##### Supplied material #####
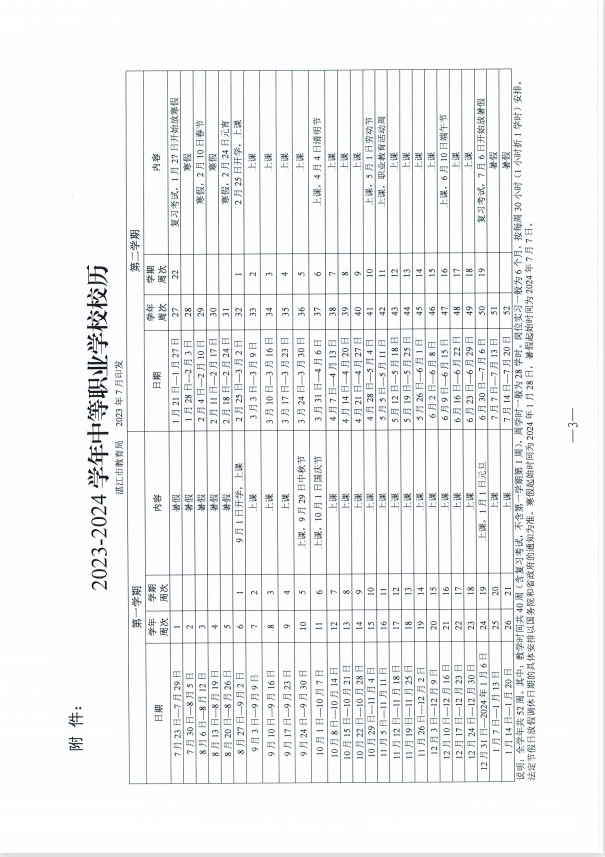 2023-2024學(xué)年湛江市中等職業(yè)學(xué)校校歷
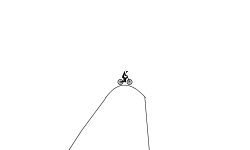The Ups And Downs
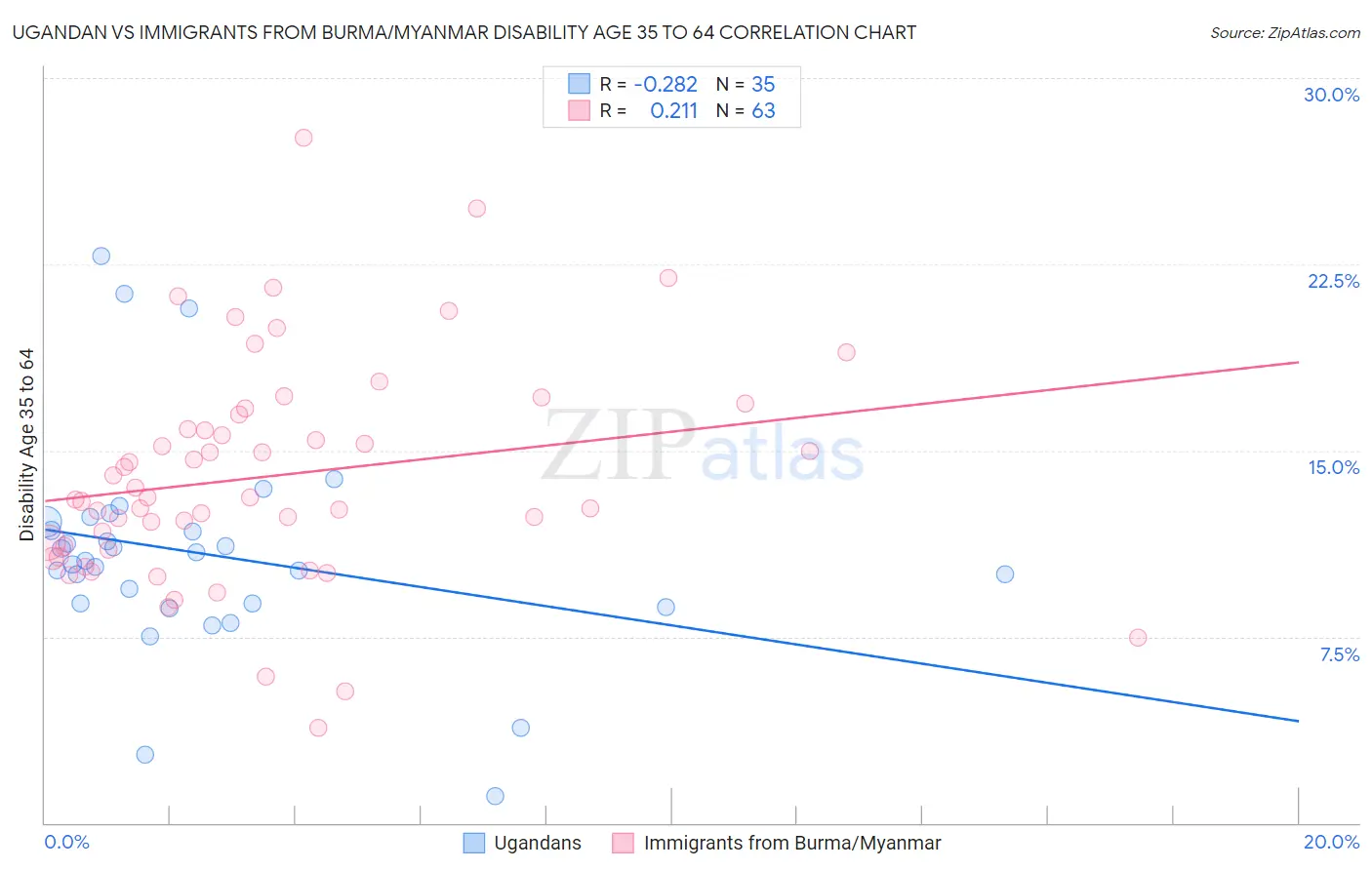 Ugandan vs Immigrants from Burma/Myanmar Disability Age 35 to 64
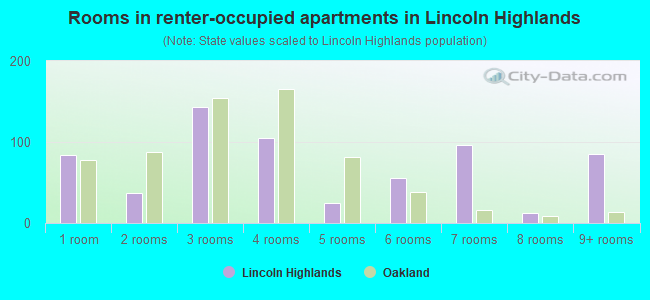 Rooms in renter-occupied apartments in Lincoln Highlands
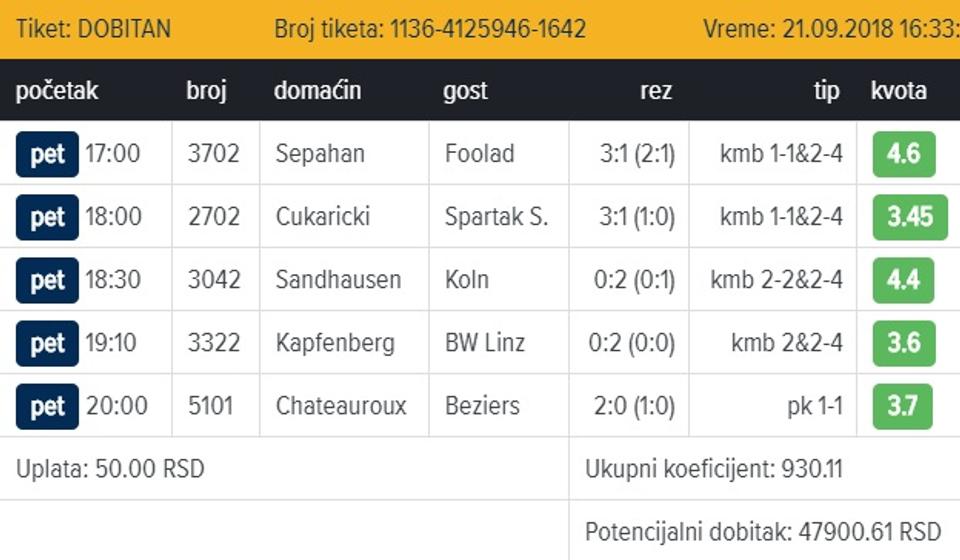 Screenshot Mozzartsport.com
#####
- **What is needed**
Only the lines from the one containing "The Ups And Downs" through the last line of the entries belong in the answer, given again exactly. Images stay out.

- **The completed task**
The Ups And Downs
 Ugandan vs Immigrants from Burma/Myanmar Disability Age 35 to 64
 Rooms in renter-occupied apartments in Lincoln Highlands
 Screenshot Mozzartsport.com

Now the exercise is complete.